You are viewing a plain text version of this content. The canonical link for it is here.
Posted to dev@avro.apache.org by Nandor Kollar <nk...@cloudera.com.INVALID> on 2019/04/17 07:43:55 UTC

[DISCUSS] Support additional timestamp semantic

Hi all,

There is an ongoing effort to harmonize timestamp types for various popular
SQL engines for Hadoop (see details here
<https://docs.google.com/document/d/1E-7miCh4qK6Mg54b-Dh5VOyhGX8V4xdMXKIHJL36a9U/edit#>).
As part of this effort, on disk file formats should be able to support all
of these semantics. Avro timestamp logical type supports only one semantic:
UTC normalized. I put together a simple design doc an two POCs which
introduce additional local date/time semantics into Avro. Here is the
design doc:
https://docs.google.com/document/d/1rLmb4-6G8LHBwHUU2P_8gE1o3lvMV0gSitnmiXXmlWY/edit?usp=sharing

What are the thoughts on this? Please have a look at the POCs, and feel
free to comment the design doc!

Thanks,
Nandor

Re: [DISCUSS] Support additional timestamp semantic

Posted by Nandor Kollar <nk...@cloudera.com.INVALID>.
Great, thanks Ryan and Zoltan for your feedback! As the next step, I go
ahead and open a PR for review with option #3 soon.

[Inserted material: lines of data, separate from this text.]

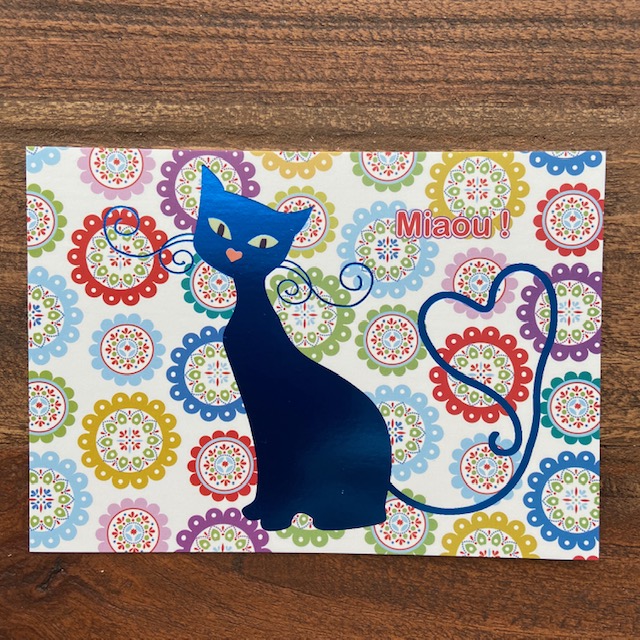 フランスのおしゃれで可愛い動物イラストがプリントされたポストカード メッセージカードや小さなフレームに入れてインテリアとして飾ったり プレゼントにしても ポストカード ネコ 猫 絵はがき フランス メッセージカード インテリア おしゃれ かわいい プレゼント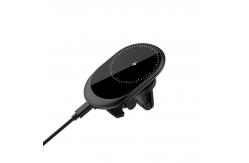 China Black 15W Qi Smart Sensor Car Wireless Charger Air Vent Mount supplier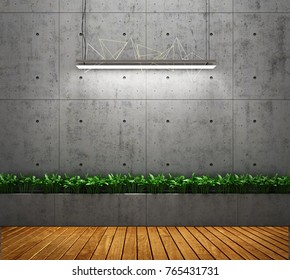 Room With A Wooden Floor And A Concrete Wall With A Niche For Plants. 3d Illustration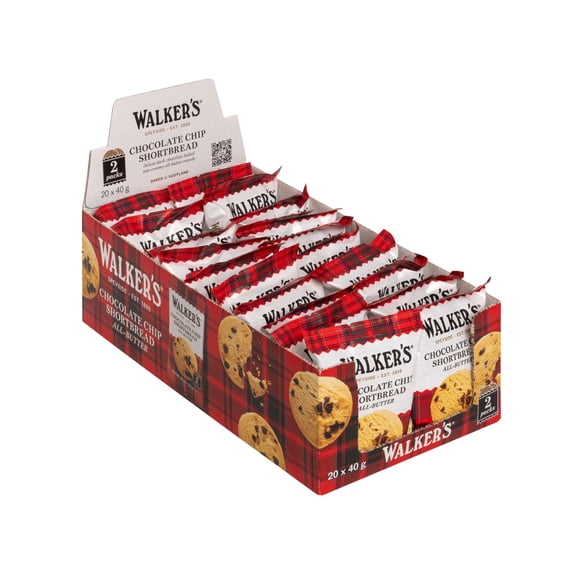 Walkers Shortbread Chocolate Chip Shortbread Cookies, Kosher, 2 Count (20 Pack)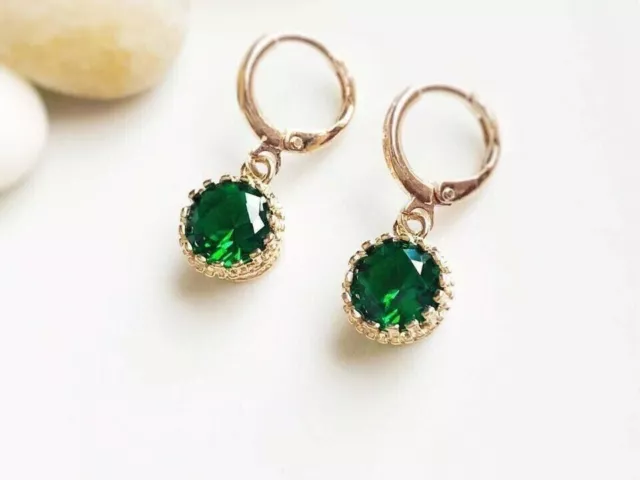 2Ct Round Cut Lab-Created Emerald DropDangle Earrings 14K Yellow Gold Plated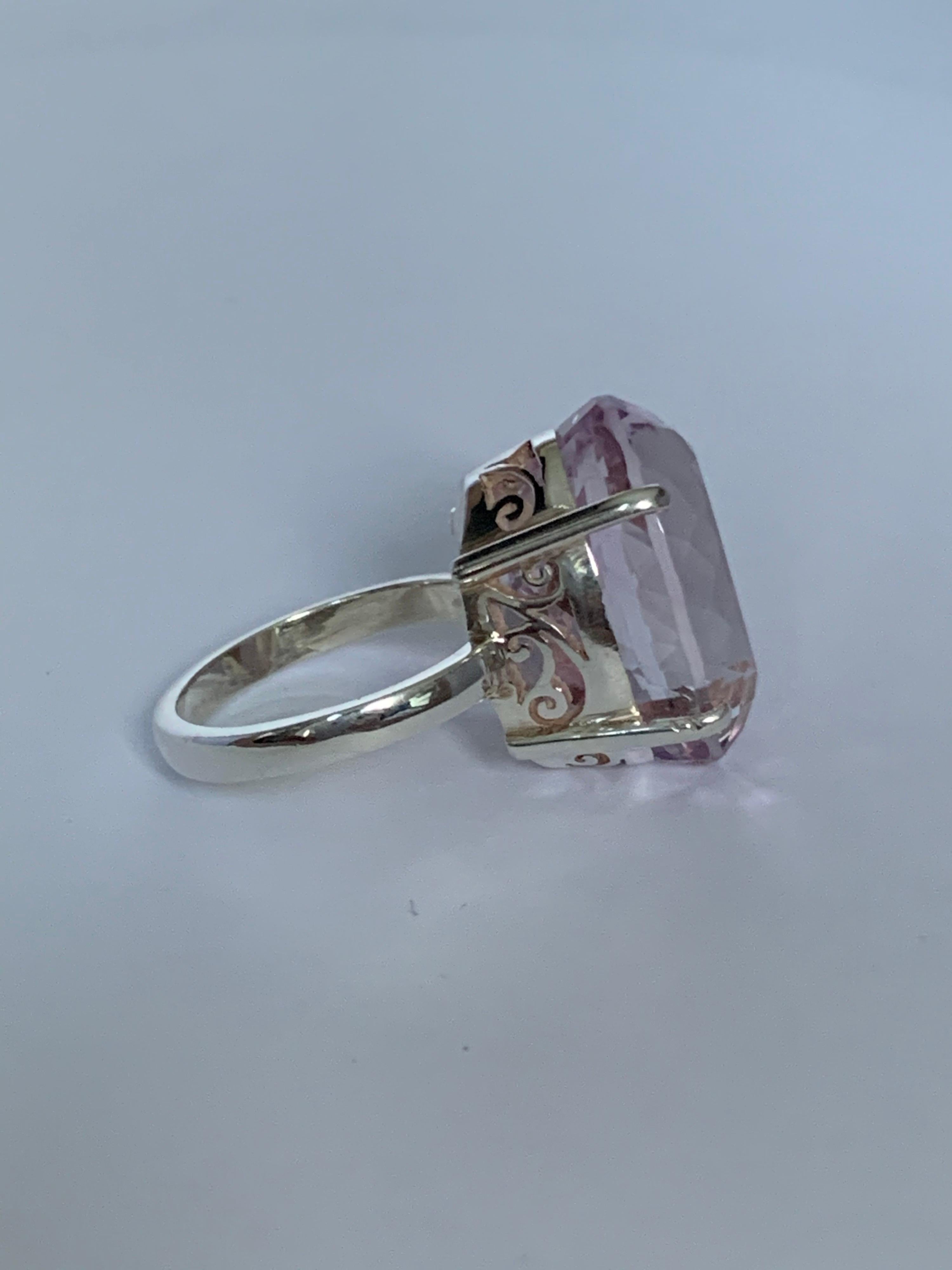 Women's Light Pink Amethyst Ring Set in Sterling Silver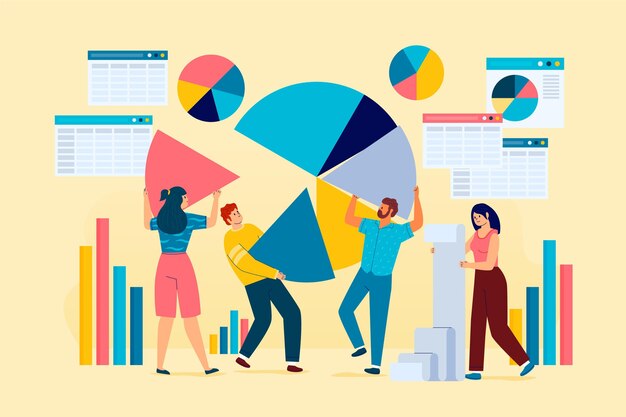 Dibujado a mano recopilación de datos comerciales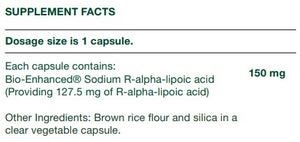 Supplement facts for Alpha Lipoic Acid listing ingredients including Alpha Lipoic Acid, Lipoic acid, Sodium
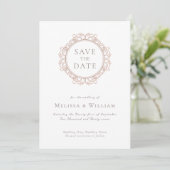 Elegante klassieke ivoor bruiloft save the date (Staand voorkant)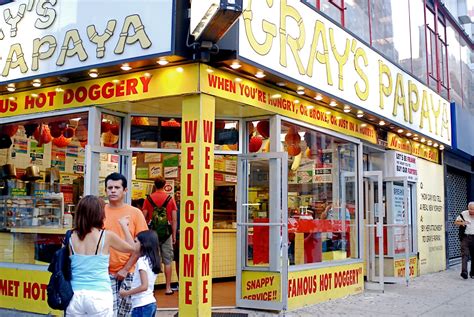 Grays papaya nyc - Ugly makes the best corn dogs, they've got a few locations. Grays Papaya, Coney Island Nathan’s, or anywhere that has k-dogs. Best hot dog is from Dominick’s truck in Woodhaven, Queens. But in Manhattan, Gray’s Papaya, Katz’s, and Crif Dogs are all great and different styles from each other.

On Thu, May 2, 2019 at 3:30 PM Zoltan Ivanfi <zi...@cloudera.com.invalid>
wrote:

> Hi,
>
> I also vote for the 3rd option (two new logical types:
> ‘local-timestamp-millis’ and ‘local-timestamp-micros’).
>
> Could you please create a JIRA for this task and send a link to it to
> this e-mail thread for everyone interested in the topic?
>
> Thanks,
>
> Zoltan
>
> On Tue, Apr 23, 2019 at 1:49 PM Ryan Skraba <ry...@skraba.com> wrote:
> >
> > Hello!  I read the document with interest.  Very well-written and clean
> --
> > I feel better equipped to explain the importance of the different
> flavours
> > of date/time after reading it.
> >
> > I didn't go through the POC code in detail, but I did go through a bunch
> of
> > our code to check how the proposed implementations would affect us (to
> > provide a single, anecdotal data point).  We currently use Avro to
> > represent hierachical data internally as it passes through a
> transformation
> > pipeline running on a cluster.  We mostly rely on generic data.  The
> input
> > or output might already be in Avro (file or binary message format), but
> it
> > isn't necessary.  We do the schema inference and conversion on non-Avro
> > when required.
> >
> > For us, it looks like both option#2 and option#3 should be more-or-less
> > safe.  If we don't recognize a logical type, we'll just fall back on the
> > underlying Avro type, and even propagate the unknown logical type down
> the
> > pipeline if we can.
> >
> > Specifically, the bold proposal (option#2) for a new, unified logical
> type
> > would mostly work without code modification on our part.  There's one or
> > two places where we'd lose some helpful features where the semantic
> > date/time type is taken into account, until we did the necessary
> rewrites.
> > It wouldn't be a difficult task for us to bump to an Avro version that
> uses
> > the new, unified logical type.
> >
> > Of course, the problem occurs when we're writing out data in Avro ... and
> > the user has a next stage that doesn't understand the change.  Even if I
> > appreciate the elegance of having a unified date/type logical type, it
> > really seems like the more conservative third option (multiplying the
> > number of logical types) is preferable.  Even if Avro ends up with a
> dozen
> > logical types to describe the different flavours of date/time, this can
> > eventually be unified in the language-specific API tools without breaking
> > the schema specification.
> >
> > TL;DR: I read it, I appreciated it, I agree with your conclusions.
> >
> > Thanks again for the thorough and articulate work!  Ryan
> >
> >
> >
> > On Wed, Apr 17, 2019 at 9:44 AM Nandor Kollar
> <nk...@cloudera.com.invalid>
> > wrote:
> >
> > > Hi all,
> > >
> > > There is an ongoing effort to harmonize timestamp types for various
> popular
> > > SQL engines for Hadoop (see details here
> > > <
> > >
> https://docs.google.com/document/d/1E-7miCh4qK6Mg54b-Dh5VOyhGX8V4xdMXKIHJL36a9U/edit#
> > > >).
> > > As part of this effort, on disk file formats should be able to support
> all
> > > of these semantics. Avro timestamp logical type supports only one
> semantic:
> > > UTC normalized. I put together a simple design doc an two POCs which
> > > introduce additional local date/time semantics into Avro. Here is the
> > > design doc:
> > >
> > >
> https://docs.google.com/document/d/1rLmb4-6G8LHBwHUU2P_8gE1o3lvMV0gSitnmiXXmlWY/edit?usp=sharing
> > >
> > > What are the thoughts on this? Please have a look at the POCs, and feel
> > > free to comment the design doc!
> > >
> > > Thanks,
> > > Nandor
> > >
>

Re: [DISCUSS] Support additional timestamp semantic

Posted by Zoltan Ivanfi <zi...@cloudera.com.INVALID>.
Hi,

I also vote for the 3rd option (two new logical types:
‘local-timestamp-millis’ and ‘local-timestamp-micros’).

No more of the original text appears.